### Exercise
The response must contain every line below in which "Print" appears.

### Records for this task
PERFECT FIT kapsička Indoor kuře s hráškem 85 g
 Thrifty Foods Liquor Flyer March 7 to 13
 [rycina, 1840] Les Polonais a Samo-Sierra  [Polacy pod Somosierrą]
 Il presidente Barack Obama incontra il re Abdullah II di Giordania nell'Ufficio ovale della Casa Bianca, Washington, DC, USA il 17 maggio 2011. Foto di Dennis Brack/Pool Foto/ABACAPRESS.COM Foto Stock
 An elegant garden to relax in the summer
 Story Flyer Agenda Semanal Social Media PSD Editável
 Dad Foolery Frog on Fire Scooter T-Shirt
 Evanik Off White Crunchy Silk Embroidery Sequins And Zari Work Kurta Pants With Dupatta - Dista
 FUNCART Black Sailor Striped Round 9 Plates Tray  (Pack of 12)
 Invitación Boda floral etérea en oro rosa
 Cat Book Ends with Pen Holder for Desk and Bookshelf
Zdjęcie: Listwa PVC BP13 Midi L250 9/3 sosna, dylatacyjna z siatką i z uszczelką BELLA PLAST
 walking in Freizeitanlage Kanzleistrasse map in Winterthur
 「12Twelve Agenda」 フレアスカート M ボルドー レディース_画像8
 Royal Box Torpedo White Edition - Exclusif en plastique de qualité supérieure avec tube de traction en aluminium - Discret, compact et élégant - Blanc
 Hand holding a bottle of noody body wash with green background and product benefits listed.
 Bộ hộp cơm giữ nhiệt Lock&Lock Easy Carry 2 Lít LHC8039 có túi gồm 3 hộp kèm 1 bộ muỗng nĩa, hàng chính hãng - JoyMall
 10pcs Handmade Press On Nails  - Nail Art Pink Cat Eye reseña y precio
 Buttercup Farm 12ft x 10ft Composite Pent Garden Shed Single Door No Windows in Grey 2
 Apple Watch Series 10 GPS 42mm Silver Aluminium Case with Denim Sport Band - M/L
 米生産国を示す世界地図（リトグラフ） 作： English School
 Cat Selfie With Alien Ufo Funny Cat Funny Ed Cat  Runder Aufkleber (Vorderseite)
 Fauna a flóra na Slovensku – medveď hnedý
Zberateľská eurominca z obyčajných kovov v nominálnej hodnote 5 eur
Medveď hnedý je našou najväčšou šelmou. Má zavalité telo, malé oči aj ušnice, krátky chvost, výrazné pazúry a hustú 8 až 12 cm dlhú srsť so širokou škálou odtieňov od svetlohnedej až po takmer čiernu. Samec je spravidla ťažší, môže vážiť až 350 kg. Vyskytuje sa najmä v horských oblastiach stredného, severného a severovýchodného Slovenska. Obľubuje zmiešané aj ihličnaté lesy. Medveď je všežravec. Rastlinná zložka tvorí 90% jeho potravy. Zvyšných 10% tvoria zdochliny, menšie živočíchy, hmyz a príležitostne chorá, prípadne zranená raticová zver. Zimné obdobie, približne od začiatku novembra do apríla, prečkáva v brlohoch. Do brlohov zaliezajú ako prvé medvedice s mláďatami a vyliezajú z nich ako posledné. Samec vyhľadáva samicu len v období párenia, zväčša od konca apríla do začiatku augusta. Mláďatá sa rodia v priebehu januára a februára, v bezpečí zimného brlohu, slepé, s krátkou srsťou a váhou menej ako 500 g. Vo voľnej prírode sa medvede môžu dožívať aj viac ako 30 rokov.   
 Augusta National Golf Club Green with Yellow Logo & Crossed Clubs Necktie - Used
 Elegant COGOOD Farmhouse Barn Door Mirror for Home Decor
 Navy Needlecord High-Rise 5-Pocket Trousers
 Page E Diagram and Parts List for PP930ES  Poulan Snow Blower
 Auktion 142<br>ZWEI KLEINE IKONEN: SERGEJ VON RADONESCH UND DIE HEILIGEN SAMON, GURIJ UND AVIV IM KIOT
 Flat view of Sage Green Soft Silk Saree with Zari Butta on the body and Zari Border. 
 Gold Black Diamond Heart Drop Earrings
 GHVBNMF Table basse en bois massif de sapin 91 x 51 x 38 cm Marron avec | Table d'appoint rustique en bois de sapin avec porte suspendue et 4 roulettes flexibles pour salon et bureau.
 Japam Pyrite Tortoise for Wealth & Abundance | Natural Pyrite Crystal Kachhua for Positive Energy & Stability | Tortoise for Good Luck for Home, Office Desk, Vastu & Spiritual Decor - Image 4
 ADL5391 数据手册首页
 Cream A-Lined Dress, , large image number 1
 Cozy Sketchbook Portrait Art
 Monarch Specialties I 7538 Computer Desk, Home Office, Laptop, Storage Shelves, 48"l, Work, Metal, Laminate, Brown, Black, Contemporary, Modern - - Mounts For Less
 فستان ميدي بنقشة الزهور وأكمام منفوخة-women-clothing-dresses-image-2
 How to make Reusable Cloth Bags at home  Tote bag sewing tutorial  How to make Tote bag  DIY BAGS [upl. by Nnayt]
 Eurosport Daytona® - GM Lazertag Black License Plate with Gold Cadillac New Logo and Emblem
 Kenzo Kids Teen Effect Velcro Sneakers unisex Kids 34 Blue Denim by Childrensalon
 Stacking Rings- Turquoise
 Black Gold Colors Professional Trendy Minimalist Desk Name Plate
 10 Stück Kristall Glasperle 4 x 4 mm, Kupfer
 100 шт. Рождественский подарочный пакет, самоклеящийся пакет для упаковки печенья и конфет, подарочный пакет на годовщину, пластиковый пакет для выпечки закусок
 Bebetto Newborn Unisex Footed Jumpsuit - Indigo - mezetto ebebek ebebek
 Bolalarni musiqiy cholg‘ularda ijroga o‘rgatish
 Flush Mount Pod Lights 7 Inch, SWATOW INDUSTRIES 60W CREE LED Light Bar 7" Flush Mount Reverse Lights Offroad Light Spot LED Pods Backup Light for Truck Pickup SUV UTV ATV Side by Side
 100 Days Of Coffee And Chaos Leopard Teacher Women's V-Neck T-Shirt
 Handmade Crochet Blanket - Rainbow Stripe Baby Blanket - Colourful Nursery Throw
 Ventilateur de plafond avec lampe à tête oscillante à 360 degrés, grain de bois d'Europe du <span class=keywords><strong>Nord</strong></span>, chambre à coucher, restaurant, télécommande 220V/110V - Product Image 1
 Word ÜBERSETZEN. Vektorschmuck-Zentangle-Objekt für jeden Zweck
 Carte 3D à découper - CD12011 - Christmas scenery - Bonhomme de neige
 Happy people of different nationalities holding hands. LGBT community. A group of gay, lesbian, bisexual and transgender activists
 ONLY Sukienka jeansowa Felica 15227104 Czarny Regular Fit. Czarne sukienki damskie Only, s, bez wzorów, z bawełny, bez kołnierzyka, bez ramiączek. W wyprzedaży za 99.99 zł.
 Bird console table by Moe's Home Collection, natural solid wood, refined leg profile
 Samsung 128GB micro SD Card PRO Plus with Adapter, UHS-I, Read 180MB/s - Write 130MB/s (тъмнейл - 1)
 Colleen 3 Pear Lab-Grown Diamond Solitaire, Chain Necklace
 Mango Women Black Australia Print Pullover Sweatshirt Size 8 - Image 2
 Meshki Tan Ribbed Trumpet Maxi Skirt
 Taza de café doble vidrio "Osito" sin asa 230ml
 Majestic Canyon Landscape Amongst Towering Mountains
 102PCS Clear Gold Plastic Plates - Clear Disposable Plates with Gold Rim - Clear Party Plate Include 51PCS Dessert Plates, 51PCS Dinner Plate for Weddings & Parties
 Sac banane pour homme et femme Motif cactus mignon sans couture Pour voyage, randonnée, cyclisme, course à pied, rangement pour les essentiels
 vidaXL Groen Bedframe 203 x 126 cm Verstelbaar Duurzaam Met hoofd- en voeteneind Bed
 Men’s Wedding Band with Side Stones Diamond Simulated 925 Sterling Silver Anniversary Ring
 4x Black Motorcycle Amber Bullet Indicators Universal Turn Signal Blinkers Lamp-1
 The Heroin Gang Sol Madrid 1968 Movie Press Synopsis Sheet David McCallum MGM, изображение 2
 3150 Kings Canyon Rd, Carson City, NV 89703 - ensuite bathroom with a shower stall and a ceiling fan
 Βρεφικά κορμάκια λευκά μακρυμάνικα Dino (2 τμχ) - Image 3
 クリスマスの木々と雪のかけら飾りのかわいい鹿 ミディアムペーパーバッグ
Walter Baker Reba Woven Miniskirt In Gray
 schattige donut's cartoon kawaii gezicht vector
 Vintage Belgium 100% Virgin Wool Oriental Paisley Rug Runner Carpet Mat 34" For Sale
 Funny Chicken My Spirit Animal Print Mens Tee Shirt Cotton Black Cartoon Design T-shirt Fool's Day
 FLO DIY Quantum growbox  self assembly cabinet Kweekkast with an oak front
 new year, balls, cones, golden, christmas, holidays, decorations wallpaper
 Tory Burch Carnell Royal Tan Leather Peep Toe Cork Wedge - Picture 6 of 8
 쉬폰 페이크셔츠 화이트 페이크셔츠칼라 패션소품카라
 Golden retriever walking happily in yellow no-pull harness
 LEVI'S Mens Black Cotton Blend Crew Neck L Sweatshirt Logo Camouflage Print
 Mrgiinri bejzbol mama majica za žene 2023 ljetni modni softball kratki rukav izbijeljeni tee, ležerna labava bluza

### Task response
 Mango Women Black Australia Print Pullover Sweatshirt Size 8 - Image 2
 Funny Chicken My Spirit Animal Print Mens Tee Shirt Cotton Black Cartoon Design T-shirt Fool's Day
 LEVI'S Mens Black Cotton Blend Crew Neck L Sweatshirt Logo Camouflage Print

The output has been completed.